▶ **Given entries**
Segment Open

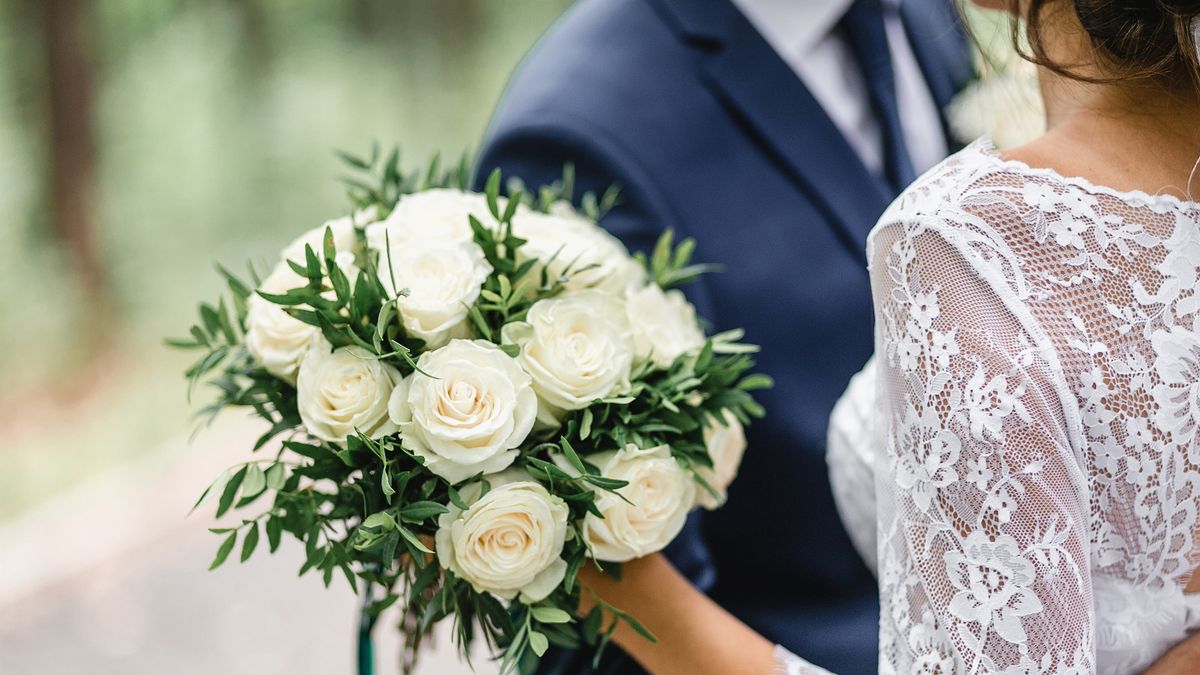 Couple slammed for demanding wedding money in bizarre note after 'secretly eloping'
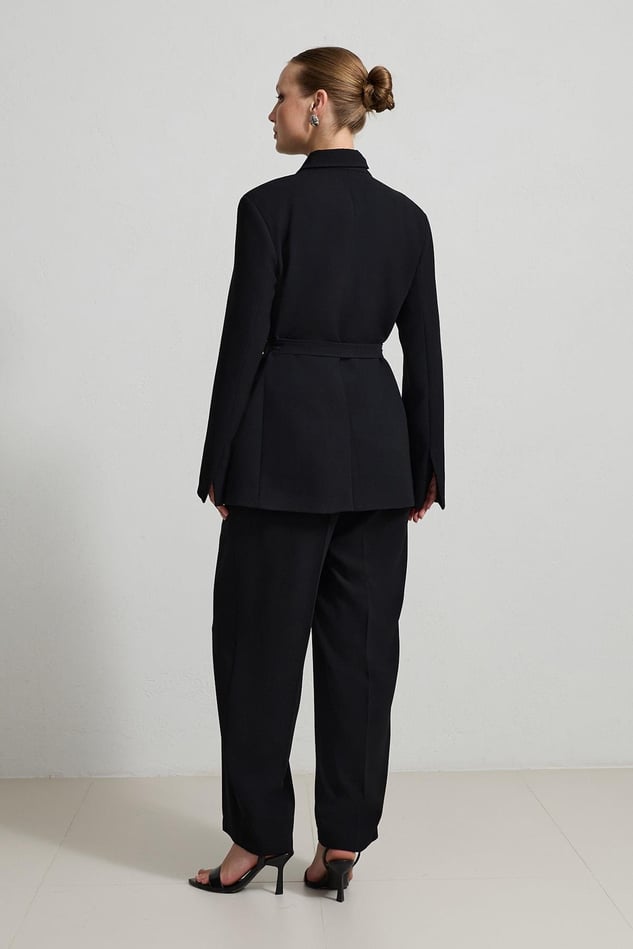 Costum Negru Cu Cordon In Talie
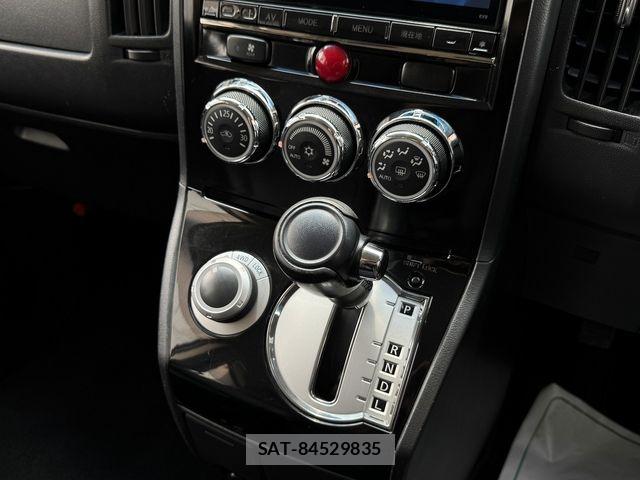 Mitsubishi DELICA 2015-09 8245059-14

Segment Closed
Segment Open

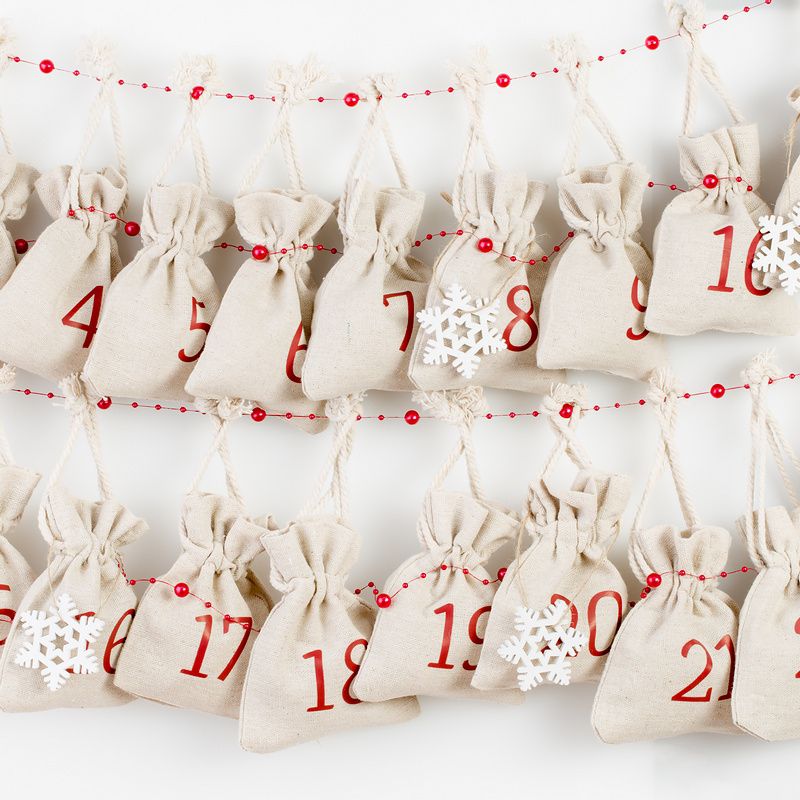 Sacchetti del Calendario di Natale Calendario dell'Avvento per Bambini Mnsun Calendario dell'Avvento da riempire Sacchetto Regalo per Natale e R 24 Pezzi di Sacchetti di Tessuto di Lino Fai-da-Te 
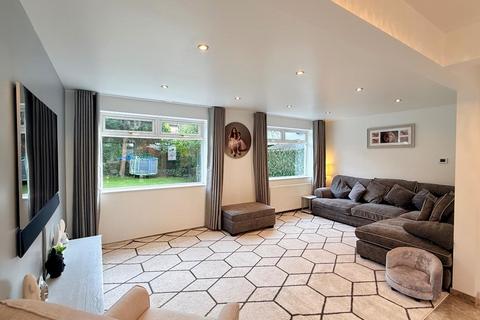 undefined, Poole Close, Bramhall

Segment Closed
Segment Open

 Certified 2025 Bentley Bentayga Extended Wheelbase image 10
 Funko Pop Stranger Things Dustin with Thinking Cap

Segment Closed

▶ **Work required**
Give back the exact lines above, running from the one that has "Costum Negru Cu Cordon In Talie" through the one that has "Mitsubishi DELICA 2015-09 8245059-14", with nothing added and no pictures.

▶ **Response for this exercise**
 Costum Negru Cu Cordon In Talie
 Mitsubishi DELICA 2015-09 8245059-14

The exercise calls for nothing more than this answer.